Tell us about the Qadir Ali Baig Theatre Foundation.
The idea is to pay tribute to a towering dramatist who was ahead of his times. The foundation’s basic mandate is ‘meaningful theatre with popular appeal’. Baba’s theatre, like his persona, was larger-than-life; epic-scale productions at real forts and palaces, way back in 1970. The Qadir Ali Baig Theatre Foundation produces and invites work that fits in this mandate as a tribute.
When and why did you decide to move away from a flourishing advertising career to theatre?

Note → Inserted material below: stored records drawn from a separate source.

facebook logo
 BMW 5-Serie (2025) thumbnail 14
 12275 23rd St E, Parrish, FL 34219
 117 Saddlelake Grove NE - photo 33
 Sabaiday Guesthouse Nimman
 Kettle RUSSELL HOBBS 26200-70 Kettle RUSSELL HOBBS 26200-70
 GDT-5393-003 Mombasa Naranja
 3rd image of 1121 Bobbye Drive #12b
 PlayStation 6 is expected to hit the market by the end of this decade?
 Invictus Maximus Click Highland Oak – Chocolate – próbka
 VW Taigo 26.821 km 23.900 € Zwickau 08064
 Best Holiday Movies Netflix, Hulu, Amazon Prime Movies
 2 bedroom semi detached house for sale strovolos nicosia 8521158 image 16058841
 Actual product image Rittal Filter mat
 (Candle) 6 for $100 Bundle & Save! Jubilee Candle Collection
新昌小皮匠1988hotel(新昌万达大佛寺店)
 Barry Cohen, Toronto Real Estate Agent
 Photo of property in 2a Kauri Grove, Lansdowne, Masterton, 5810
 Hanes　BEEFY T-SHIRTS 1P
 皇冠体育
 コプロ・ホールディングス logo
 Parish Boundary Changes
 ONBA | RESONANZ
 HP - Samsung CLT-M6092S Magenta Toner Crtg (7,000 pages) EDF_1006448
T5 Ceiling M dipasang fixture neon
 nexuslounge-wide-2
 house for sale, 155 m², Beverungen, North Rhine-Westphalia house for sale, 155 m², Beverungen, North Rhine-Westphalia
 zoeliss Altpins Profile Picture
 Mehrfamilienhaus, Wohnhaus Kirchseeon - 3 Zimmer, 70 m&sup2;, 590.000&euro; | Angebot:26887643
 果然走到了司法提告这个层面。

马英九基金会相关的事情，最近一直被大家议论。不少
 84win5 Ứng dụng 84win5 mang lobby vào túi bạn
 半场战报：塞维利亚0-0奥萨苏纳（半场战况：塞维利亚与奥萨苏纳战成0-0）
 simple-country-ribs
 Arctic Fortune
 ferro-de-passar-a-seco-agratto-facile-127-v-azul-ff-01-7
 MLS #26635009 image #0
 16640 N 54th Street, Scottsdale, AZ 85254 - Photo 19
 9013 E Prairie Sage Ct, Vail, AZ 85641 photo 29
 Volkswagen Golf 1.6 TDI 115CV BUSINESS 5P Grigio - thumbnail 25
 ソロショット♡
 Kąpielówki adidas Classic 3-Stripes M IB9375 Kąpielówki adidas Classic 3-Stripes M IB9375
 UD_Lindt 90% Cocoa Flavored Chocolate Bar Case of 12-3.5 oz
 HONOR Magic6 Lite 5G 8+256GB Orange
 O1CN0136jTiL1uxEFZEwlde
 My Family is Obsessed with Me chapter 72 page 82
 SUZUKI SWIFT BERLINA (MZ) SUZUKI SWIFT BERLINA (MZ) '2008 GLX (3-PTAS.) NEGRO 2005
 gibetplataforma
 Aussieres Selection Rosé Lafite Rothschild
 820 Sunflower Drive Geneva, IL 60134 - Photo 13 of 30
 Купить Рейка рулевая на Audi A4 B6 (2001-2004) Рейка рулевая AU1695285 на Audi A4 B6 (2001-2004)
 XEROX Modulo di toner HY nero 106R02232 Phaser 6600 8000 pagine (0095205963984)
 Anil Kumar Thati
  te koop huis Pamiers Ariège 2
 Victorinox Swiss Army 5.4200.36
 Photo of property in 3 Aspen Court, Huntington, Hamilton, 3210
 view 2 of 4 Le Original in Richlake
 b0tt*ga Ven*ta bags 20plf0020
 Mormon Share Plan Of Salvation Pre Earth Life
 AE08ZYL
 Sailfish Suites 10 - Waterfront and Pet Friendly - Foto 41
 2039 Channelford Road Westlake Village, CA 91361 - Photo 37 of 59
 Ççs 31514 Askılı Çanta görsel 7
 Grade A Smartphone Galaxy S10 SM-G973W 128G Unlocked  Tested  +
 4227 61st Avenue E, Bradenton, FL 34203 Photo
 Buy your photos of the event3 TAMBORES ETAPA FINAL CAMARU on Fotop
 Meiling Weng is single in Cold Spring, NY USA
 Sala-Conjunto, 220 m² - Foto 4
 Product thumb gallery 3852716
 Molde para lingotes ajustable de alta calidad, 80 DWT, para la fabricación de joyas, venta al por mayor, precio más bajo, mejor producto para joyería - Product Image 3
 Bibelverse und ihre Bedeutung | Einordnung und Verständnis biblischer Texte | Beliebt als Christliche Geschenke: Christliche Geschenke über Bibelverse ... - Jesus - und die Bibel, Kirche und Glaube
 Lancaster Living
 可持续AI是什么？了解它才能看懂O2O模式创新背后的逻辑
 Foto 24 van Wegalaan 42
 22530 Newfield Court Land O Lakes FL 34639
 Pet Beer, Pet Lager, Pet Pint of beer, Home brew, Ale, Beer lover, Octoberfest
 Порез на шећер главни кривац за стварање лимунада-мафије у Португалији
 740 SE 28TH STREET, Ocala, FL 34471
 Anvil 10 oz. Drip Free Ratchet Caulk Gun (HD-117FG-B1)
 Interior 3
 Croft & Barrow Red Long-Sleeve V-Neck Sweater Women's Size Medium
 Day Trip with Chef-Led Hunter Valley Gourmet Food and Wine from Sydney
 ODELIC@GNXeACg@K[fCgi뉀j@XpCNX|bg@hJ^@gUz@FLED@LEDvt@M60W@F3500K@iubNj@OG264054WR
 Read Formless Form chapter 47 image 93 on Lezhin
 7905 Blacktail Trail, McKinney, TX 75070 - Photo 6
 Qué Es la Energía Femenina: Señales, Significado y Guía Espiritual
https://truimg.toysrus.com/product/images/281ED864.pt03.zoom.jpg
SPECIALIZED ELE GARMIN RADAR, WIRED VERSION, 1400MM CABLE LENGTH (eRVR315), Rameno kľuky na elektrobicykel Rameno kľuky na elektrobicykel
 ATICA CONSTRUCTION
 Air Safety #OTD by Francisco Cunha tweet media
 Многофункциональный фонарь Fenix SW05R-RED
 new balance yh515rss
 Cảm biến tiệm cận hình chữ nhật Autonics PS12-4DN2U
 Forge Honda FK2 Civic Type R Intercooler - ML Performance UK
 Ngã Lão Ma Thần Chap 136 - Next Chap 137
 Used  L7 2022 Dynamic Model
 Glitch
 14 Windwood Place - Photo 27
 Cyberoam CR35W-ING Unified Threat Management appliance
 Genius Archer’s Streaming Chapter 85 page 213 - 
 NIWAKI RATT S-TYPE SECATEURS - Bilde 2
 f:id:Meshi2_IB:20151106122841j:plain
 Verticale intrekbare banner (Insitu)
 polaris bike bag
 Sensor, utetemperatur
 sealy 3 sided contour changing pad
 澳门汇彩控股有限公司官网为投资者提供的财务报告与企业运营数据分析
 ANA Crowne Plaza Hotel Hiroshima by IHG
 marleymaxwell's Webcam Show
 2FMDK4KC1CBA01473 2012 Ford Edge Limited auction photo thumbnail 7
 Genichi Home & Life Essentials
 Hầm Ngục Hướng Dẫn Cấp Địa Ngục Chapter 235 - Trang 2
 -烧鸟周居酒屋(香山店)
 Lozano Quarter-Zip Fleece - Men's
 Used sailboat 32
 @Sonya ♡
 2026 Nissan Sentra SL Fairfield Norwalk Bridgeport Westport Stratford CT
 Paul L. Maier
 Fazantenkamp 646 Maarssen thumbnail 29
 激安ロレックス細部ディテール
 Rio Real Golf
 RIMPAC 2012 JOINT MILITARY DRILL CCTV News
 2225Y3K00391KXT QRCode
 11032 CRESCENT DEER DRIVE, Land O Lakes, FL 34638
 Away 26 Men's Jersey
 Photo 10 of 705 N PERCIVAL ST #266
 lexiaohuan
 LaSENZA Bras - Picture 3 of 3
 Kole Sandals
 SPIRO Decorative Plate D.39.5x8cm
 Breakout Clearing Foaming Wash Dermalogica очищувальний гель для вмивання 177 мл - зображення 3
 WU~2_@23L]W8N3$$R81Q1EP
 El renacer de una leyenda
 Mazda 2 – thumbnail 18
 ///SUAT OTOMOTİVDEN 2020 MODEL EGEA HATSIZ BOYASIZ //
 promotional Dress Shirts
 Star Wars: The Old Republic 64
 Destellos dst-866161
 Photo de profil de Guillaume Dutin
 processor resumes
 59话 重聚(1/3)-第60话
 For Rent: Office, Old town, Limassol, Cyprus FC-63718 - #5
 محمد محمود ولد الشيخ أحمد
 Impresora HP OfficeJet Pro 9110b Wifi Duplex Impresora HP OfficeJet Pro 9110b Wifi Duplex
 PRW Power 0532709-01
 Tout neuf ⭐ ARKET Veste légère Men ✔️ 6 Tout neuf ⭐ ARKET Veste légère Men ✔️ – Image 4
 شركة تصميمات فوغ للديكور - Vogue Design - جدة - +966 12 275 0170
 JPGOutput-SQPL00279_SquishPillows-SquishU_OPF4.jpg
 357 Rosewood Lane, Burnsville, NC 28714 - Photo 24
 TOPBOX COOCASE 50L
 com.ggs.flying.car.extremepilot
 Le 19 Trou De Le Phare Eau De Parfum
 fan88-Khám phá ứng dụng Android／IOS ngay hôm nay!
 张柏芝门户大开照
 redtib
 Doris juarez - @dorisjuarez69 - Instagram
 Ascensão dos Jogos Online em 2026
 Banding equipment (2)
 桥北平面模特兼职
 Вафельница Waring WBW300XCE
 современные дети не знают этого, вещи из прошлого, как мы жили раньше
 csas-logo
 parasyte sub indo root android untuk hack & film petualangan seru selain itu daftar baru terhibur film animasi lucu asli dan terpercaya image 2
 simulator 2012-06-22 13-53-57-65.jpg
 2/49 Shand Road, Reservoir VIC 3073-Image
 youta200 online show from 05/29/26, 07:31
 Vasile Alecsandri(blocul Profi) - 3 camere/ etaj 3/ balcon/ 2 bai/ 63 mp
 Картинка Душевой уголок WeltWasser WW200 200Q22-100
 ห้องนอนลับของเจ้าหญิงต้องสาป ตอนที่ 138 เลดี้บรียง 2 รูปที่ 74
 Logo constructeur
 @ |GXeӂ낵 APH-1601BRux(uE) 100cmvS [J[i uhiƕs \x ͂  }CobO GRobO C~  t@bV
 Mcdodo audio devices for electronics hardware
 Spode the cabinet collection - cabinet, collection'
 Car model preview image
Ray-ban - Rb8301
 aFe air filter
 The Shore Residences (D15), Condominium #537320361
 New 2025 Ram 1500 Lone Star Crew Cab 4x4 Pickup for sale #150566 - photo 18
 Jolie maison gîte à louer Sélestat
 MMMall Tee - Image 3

I am surprised myself. The reason I got into ad filmmaking was because, as a teenager, I found theatre too intense and too static a medium. But Baba’s 20th anniversary commemoration function in Hyderabad was a turning point. There I saw writers, directors and actors paying tribute to him with moist eyes and choked voices, as if they were talking about someone they had lost, not 20 years ago, but the previous day. Through them I started seeing aspects of Baba’s personality that I could not see earlier.
Why do you prefer the epic?
My theatre is a celebration of life. I accentuate the visual element to a magnified stylisation because I believe that theatre, like ad films and cinema, is a visual medium. I take pride in my Indianism, my heritage and lifestyle. To an extent, that is also a comfort zone because I don’t have to look outside to recreate.
What are the pros and cons of the epic?
Larger-than-life is how I mount my work, both in theatre and ad films. That’s the way I learnt theatre as a child. The disadvantage is that you cannot travel with these productions, as they are designed and blocked on epic scales with a 40-strong cast, dancers, singers, horses, camels and massive sets and props.
You stage your plays in iconic settings. Comment.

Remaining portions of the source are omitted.